◆ **SUPPLIED MATERIAL**:
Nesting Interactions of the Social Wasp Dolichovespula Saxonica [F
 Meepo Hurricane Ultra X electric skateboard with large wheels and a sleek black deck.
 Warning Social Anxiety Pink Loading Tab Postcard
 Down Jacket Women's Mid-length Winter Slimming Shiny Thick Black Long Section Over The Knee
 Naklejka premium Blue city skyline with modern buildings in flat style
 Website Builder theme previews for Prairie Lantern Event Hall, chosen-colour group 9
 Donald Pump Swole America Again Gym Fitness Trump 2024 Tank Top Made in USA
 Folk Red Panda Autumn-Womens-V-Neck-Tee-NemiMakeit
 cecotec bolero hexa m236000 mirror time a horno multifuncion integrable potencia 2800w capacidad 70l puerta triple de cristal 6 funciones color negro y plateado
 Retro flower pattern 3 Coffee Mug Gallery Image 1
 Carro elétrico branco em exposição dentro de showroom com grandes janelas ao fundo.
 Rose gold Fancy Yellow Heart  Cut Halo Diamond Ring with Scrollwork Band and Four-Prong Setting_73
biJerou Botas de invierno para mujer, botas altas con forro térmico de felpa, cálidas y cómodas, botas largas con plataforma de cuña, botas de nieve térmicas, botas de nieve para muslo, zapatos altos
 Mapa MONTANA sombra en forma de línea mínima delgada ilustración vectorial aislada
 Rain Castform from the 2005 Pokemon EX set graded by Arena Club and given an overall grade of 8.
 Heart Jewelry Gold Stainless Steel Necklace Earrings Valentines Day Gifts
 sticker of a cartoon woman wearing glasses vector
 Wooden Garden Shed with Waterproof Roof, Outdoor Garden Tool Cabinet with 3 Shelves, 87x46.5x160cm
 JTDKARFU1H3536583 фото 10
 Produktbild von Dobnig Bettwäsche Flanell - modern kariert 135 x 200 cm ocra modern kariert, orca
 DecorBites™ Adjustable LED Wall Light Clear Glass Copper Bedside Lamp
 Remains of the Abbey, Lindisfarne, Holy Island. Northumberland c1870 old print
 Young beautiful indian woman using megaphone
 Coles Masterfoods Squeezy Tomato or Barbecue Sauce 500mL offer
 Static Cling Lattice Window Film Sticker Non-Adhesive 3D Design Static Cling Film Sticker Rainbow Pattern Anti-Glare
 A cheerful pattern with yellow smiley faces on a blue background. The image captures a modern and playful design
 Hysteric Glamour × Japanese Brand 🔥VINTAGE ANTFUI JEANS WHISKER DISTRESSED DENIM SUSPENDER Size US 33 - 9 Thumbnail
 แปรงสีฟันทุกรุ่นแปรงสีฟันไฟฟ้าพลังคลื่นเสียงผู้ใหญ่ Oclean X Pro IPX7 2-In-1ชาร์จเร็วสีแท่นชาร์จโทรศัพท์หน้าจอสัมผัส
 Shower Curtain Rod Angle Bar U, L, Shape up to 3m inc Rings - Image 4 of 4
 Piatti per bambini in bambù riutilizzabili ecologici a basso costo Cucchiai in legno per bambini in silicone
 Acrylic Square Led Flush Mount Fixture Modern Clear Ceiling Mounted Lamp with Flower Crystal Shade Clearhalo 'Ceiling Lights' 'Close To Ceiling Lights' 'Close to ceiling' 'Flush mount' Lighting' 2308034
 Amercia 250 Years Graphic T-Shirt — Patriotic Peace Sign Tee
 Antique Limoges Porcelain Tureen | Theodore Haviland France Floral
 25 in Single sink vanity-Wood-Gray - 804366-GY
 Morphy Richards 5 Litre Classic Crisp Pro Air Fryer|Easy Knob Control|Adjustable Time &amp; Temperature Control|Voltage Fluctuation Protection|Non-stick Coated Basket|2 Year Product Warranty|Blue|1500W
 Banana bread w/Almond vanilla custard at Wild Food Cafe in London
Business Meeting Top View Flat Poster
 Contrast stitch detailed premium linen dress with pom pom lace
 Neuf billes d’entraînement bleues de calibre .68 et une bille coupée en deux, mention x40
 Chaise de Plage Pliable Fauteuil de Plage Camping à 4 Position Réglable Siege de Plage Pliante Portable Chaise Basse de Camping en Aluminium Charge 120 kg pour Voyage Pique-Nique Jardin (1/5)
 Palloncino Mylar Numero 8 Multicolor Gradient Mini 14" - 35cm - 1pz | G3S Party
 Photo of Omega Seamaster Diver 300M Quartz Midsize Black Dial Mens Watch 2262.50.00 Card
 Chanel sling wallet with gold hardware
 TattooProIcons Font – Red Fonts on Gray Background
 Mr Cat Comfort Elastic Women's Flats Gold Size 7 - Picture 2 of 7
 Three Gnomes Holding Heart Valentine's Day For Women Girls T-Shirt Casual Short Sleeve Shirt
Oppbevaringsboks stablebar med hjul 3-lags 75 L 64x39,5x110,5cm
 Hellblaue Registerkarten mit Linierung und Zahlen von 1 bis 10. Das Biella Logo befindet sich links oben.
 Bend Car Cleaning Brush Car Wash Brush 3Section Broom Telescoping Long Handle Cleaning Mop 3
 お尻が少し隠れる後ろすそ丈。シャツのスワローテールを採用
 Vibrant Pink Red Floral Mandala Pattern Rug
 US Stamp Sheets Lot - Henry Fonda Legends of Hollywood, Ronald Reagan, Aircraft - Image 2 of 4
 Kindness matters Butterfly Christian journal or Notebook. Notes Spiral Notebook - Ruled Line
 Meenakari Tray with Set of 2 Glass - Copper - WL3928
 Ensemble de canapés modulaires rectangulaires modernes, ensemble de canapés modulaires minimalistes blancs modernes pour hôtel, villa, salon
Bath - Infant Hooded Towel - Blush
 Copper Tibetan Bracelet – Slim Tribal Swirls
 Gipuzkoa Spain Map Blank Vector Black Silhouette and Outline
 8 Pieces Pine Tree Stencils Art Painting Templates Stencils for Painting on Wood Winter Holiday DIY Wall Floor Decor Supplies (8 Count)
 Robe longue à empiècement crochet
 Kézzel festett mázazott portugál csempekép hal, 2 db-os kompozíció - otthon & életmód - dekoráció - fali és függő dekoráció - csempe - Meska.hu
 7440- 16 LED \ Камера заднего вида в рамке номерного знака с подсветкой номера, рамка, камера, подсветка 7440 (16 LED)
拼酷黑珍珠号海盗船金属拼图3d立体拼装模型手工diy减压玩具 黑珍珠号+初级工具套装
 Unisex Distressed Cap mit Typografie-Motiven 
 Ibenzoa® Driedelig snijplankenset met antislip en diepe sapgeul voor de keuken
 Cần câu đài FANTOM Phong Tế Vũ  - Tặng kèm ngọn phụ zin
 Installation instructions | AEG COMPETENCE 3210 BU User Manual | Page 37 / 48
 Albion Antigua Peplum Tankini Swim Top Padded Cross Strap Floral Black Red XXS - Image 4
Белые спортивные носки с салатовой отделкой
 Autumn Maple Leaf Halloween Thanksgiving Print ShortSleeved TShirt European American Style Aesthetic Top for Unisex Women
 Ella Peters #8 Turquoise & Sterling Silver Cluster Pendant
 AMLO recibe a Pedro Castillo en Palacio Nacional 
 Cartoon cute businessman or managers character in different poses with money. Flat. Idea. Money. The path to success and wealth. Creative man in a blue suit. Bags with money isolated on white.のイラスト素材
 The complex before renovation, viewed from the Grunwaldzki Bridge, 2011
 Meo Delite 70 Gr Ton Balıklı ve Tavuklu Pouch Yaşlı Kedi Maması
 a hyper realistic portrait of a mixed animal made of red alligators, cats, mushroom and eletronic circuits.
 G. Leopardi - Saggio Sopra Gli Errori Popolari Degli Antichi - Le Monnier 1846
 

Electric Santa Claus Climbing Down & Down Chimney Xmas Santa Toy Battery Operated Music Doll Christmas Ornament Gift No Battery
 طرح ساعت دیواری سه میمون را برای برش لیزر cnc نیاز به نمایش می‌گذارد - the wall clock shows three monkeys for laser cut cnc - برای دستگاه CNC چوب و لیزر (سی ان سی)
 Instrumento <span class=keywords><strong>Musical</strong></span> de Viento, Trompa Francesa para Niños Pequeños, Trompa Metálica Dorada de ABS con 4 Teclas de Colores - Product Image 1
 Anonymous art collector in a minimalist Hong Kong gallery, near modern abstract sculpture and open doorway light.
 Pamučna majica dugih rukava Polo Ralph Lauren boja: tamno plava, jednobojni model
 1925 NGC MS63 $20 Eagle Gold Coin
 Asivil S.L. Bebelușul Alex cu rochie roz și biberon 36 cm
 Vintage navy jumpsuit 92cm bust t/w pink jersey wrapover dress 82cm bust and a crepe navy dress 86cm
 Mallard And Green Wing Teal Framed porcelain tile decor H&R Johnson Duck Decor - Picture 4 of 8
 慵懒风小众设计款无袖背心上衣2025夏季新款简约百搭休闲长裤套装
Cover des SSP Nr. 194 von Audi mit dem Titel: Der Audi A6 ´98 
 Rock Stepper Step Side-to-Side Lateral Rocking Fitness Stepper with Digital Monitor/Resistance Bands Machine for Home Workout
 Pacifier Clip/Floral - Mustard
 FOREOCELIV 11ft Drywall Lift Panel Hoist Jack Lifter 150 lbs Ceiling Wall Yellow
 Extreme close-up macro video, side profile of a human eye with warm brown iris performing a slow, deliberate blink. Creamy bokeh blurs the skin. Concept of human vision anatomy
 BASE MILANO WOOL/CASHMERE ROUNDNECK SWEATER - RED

◆ **PROBLEM STATEMENT**:
Among the lines above, return each one holding the string "Autumn".

◆ **ANSWER TO THE PROBLEM**:
 Folk Red Panda Autumn-Womens-V-Neck-Tee-NemiMakeit
 Autumn Maple Leaf Halloween Thanksgiving Print ShortSleeved TShirt European American Style Aesthetic Top for Unisex Women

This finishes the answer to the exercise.